Could you describe your use case? I'm interested in constructing a benchmark if possible.
DiskCache lacks a memoizing decorator like joblib has but it's easy enough to write. Here's the simplest benchmark I could think of (using IPython):
In [6]: %paste
import diskcache
class Cache(diskcache.Cache):
def memoize(self, func):
def wrapper(*args):
try:
return self[args]
except KeyError:
value = func(*args)
self[args] = value
return value
return wrapper
cache = Cache('/tmp/diskcache')
@cache.memoize
def identity1(value):
print 'identity1', value
return value
%timeit -n1 -r50 identity1(0)
import joblib
memory = joblib.Memory('/tmp/joblib')
@memory.cache
def identity2(value):
print 'identity2', value
return value
%timeit -n1 -r50 identity2(0)
## -- End pasted text --
1 loop, best of 50: 16.9 µs per loop
1 loop, best of 50: 832 µs per loop
For the simple identity function above, DiskCache is about 50 times faster. Out of fifty iterations, the fastest lookup took 16.9 microseconds while joblib took 832 microseconds.

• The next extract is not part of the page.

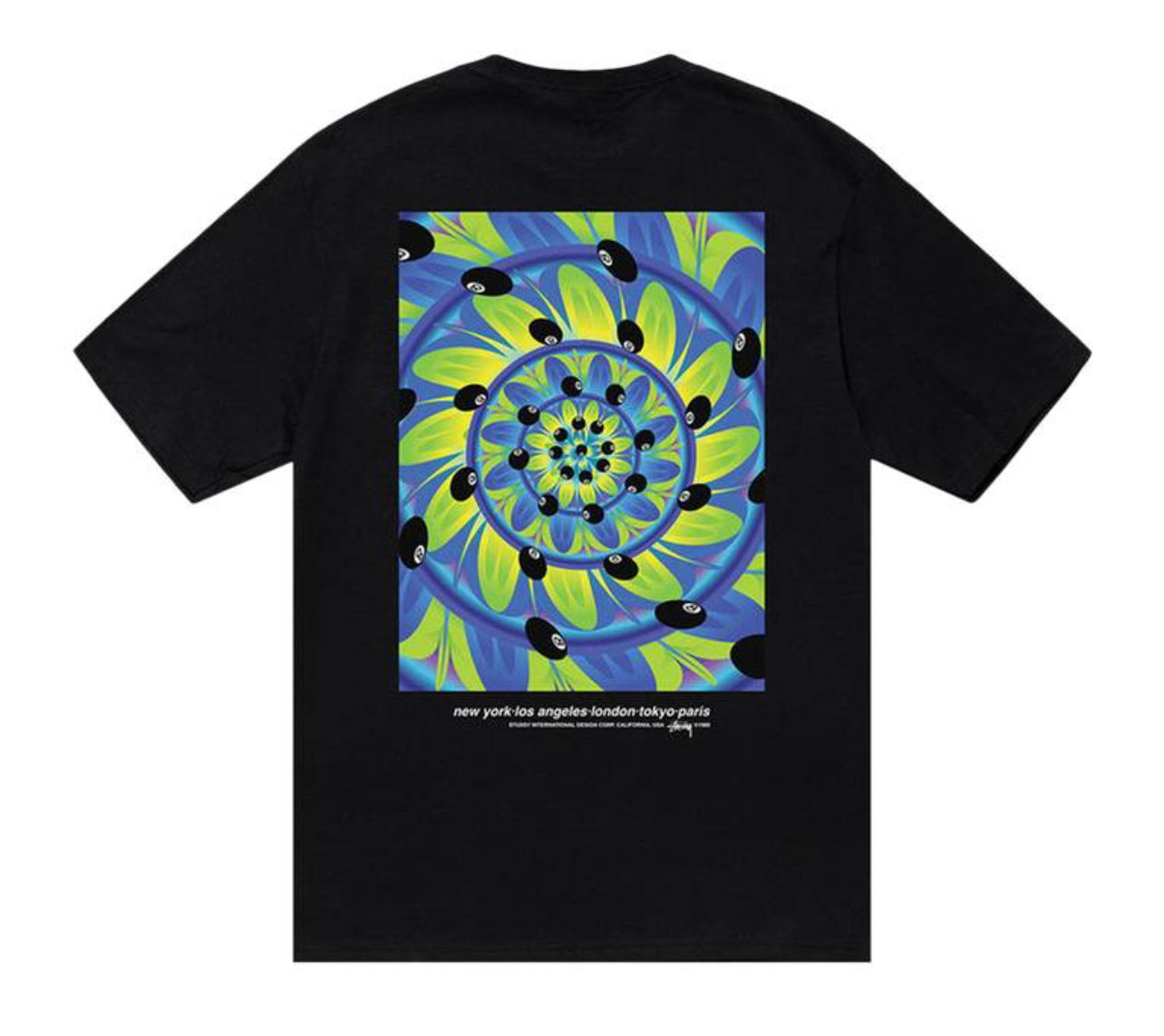 Stussy Rabbit Hole Tee Black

That is just great. Here is what I get in my laptop (SSD disk):
%timeit -n1 -r50 identity_diskcache(10) # 1 loops, best of 50: 67 µs per loop
%timeit -n1 -r50 identity_joblib(10) # 1 loops, best of 50: 217 µs per loop
import numpy as np
random = np.random.random(5000)
%timeit -n1 -r50 identity_diskcache(random) # 1 loops, best of 50: 257 µs per loop
%timeit -n1 -r50 identity_joblib(random) # 1 loops, best of 50: 770 µs per loop
You are also faster in retrieving numpy arrays.

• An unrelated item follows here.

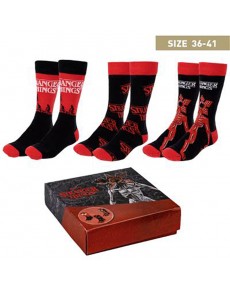 PACK 3 CALCETINES STRANGER THINGS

Note that the scales will tip back for sufficiently large numpy arrays:
In [1]: %paste
values = np.random.random(int(1e6))
%timeit -n1 -r50 identity1(values)
%timeit -n1 -r50 identity2(values)
## -- End pasted text --
1 loop, best of 50: 42.1 ms per loop
1 loop, best of 50: 12.9 ms per loop
Now the numpy-aware joblib has an advantage.
Making DiskCache faster is then a matter of using the optimized serialization routines that numpy provides. DiskCache has a separate serialization class that handles converting to/from the database and filesystem. You can read about it at:
- http://www.grantjenks.com/docs/diskcache/tutorial.html#disk
- http://www.grantjenks.com/docs/diskcache/api.html#disk
I would be glad to accept pull-requests that created a numpy-aware diskcache.Disk-like serializer.
just as a side note: the fact that joblib is only usable as a decorator is actually a serious limitation IMHO in some cases. Take for instance this use case: I have a function that takes a file path and does some expensive computation on this. This is a large file and I am reading it in chunks in my function. I could compute a cache key based on that stream in my function and cache the results in my function. But with a decorator-only approach this is not possible: I cannot create a sub-function that has as an argument the whole file content such that joblib can compute the cache key for me. @ogrisel @GaelVaroquaux Is this a fair statement wrt to joblib capabilities?
I wonder if the performance difference for large numpy arrays is due to compression. Currently DiskCache does no compression of pickled objects. Depending on disk performance, I could imagine compression improving the performance of serializing large numpy arrays.
Nope, it is not compression. Local benchmarking showed compression was ten times slower.
Now I think the difference is the cryptographic hashing of inputs. Particularly for the identity function benchmark above, there's a significant impact.